I'll look over your questions in more detail later, if I have time,
and see if I can provide any more specific input.

Thanks!

-Luke


On May 5, 12:16 pm, dhs827 <scheur...@gmail.com> wrote:
> Hi,
>
> my name is Dirk Scheuring, I'm a writer based in Cologne, Germany, and
> I want to write something about AI that can only be expressed by using
> AI technology and technique. You could say that what I aim for is a
> chatbot, but it's a bot that works quiet different from the norm; at
> it's core, there is a functional program, and on the fringe, there's
> lots of state information.
>
> I have a working prototype, written in AIML, the language in which the
> famous Alicebot was written. Most bots written in AIML use a simple
> stimulus-response conception of dialogue, without using (sequences of)
> state, self-reflection, or other advanced concepts. So some people who
> have only cursory knowledge of this language think that it's too
> simple to be doing anything with that might be computationally
> interesting. I know this to be false.
>
> AIML is sort of a micro-version of a Lisp, with String being the only
> type, and recursion over everything (powerful and dangerous). You can
> write serious functions with it [1], but you have to abuse it. And I
> heavily abused the language to make it do what I want. I managed to
> build a prototype that does something interesting, but only does it
> for like ten conversational strokes, because then the interpreter's
> stack overflows, causing an infinite loop.
>
> I need to implement my ideas in a different language - one that I
> don't have to abuse to do complex stuff. I've looked at various
> functional languages, and have now installed two, Scala and Clojure,
> doing a couple tutorials at the respective REPLs. I have a hunch that
> Clojure might turn out to be closer to what I already have in AIML,
> but I'm not sure yet.
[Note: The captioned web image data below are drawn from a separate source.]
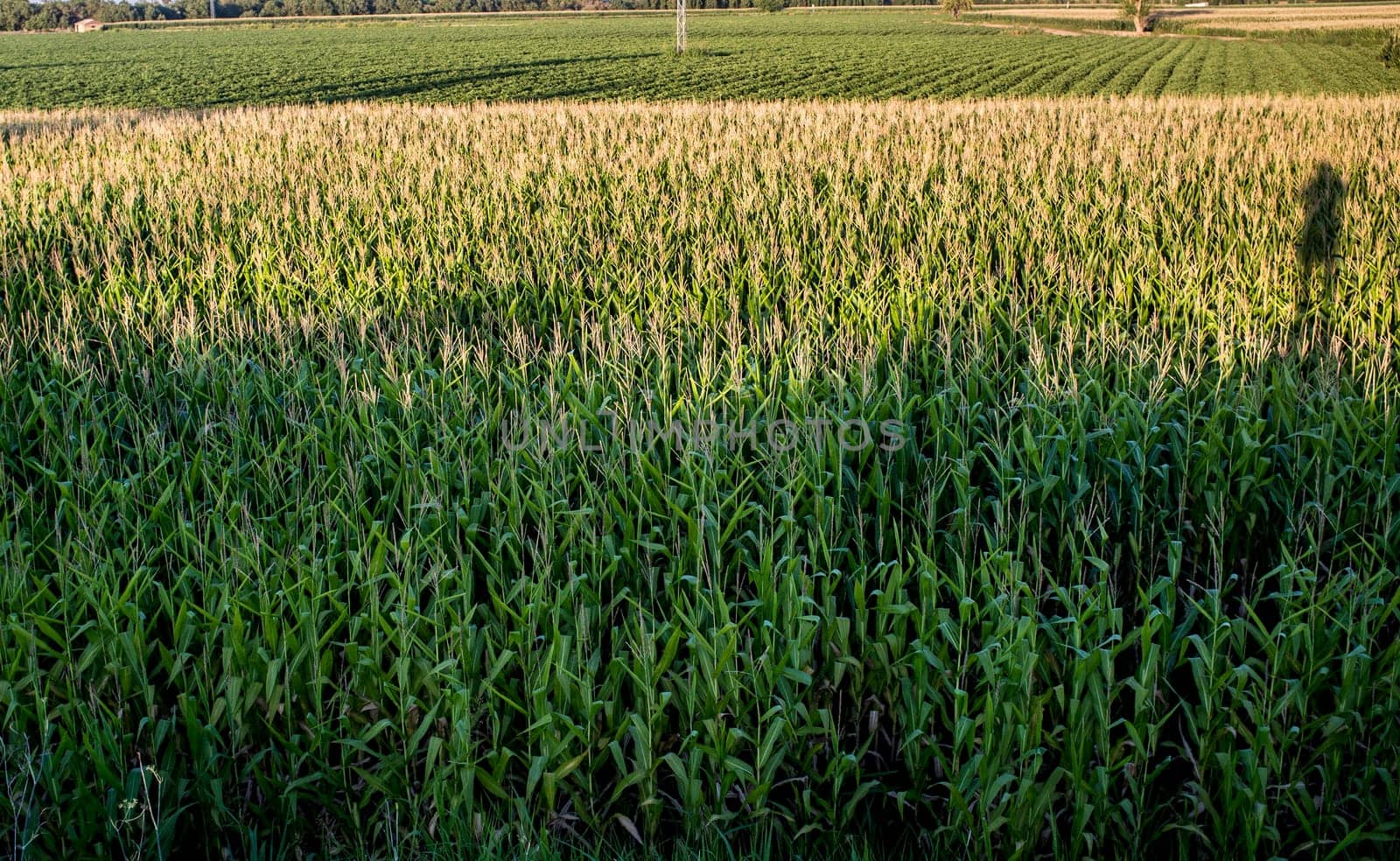 Agricultural landscape of corn and tomatoes field. Man shadow at right side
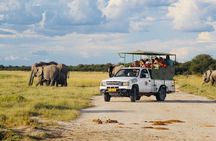 Safari in Etosha national park with professional tour guides born in Etosha.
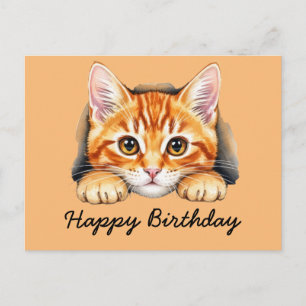 Orangene Katze Tabbykatze Alles Gute zum Geburtsta Postkarte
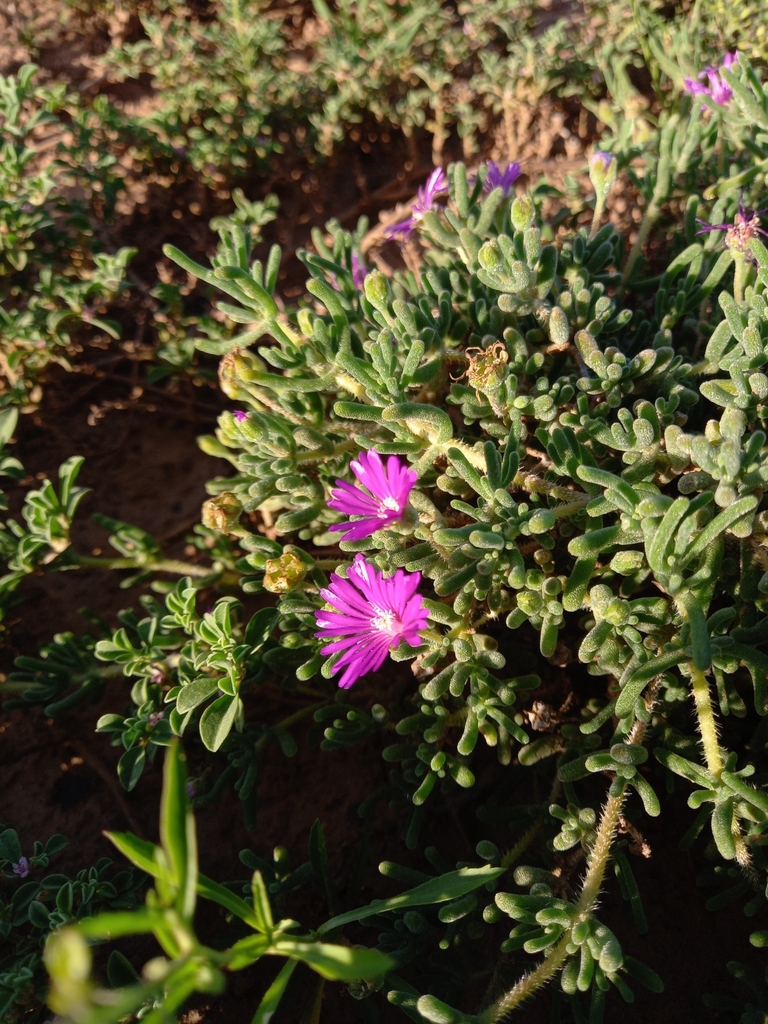 Drosanthemum hispidum 2
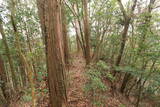 日向 野首城の写真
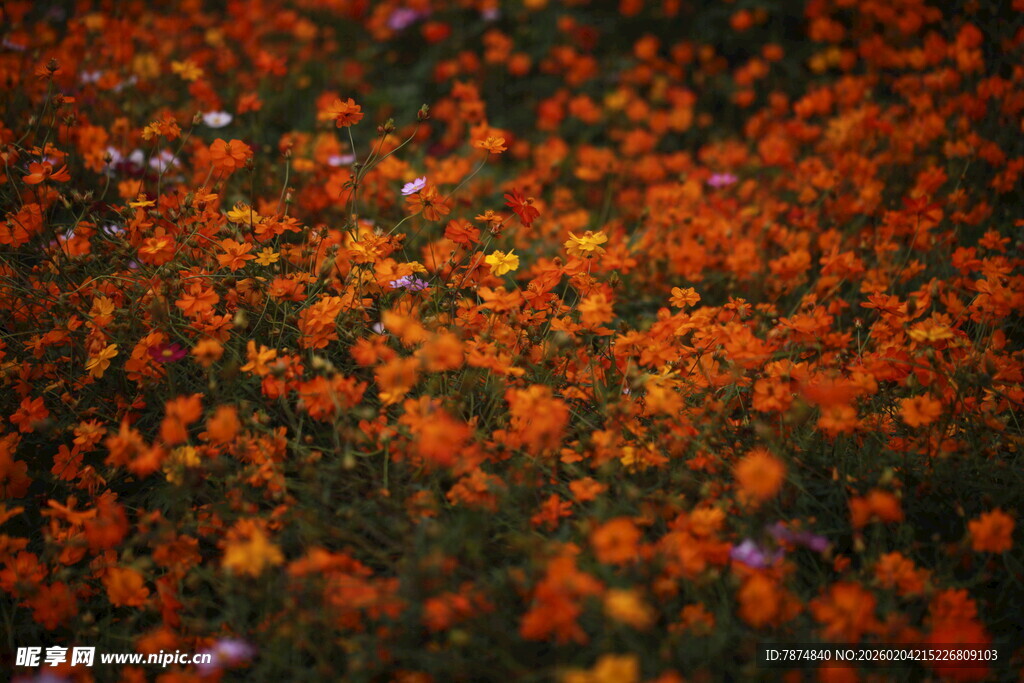 地面洒落缤纷多彩花瓣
Maybe you can help me decide.
>
> AIML is an XML dialect; its most important construct is the <category/>, 
> which has a <pattern/> and a <template/>. This is a default
>
> <category/>, which matches any string:
>
> <category>
>   <pattern>*</pattern>
>   <template>
>     <srai>SOMEFUNCTION</srai>
>   </template>
> </category>
>
> The <srai/> element in the <template/> means that I invoke the pattern
> matcher recursivly to match SOMEFUNCTION. How can I express this in
> Clojure?
>
> The next primitive construction I need to translate is substitution:
>
> <category>
>   <pattern>* RAN *</pattern>
>   <template>
>     <srai><star index="1"/> RUNNING <star index="2"/></srai>
>   </template>
> </category>
>
> This code matches the substring RAN in the middle of a set of other
> substrings, and substitutes it for RUNNING, leaving the values before
> and after it untouched for the next recursion. And I need to know how
> to do:
>
> <category>
>   <pattern>* MADONNA *</pattern>
>   <template>
>     <think>
>       <set name="celebrity">Madonna</set>
>     </think>
>     <srai><star index="1"/> <star index="2"/></srai>
>   </template>
> </category>
>
> The above category "extracts" a substring from the input and saves it
> to a (global) variable; the other substrings are up for another round
> of pattern matching. Another important low-level one is:
>
> <topic name="* MYTOPIC *">
>   <category>
>     <pattern>*</pattern>
>     <template>
>       <srai>SOMEOTHERFUNCTION</srai>
>     </template>
>   </category>
> </topic>
>
> This is again the catch-all <*> pattern, but in a context, represented
> by the substring MYTOPIC in between these other substrings. So in this
> case, the default <pattern/> has a <template/> that calls
> SOMEOTHERFUNCTION. Is this something I would do with Multimethods in
> Clojure?
>
> There's lots more, but this is the primitive stuff that I need to
> comprehend first. My model does what I call "semantic compression" -
> it transforms and analytically stores (parts of) the input string -,
> then finds a matching object which has methods to generate facts and
> rules, the core of an output, which might then be extended front and
> back, depending on what's in the input and what's in the current state
> (that's "semantic expansion")...and finally, the first letter of the
> output is cast to uppercase, a dot or bang or questionmark is put at
> the end, and a special object writes the formated output (say, to a
> webpage, or to an IRC channel). I know how to do this in AIML, at
> least up to the point when the interpreter crashes, because I used the
> language in a way it wasn't designed to be used (but it's valid AIML -
> the spec allows some unmentioned things; plus it is functional, with
> continuation-passing to boot). I want to learn how to do this in
> Clojure, and appreciate any pointers and tips.
>
> Best regards,
>
> Dirk Scheuring
>
> [1] Simple FP example in 
> AIML:http://list.alicebot.org/pipermail/alicebot-style/2002-September/0002...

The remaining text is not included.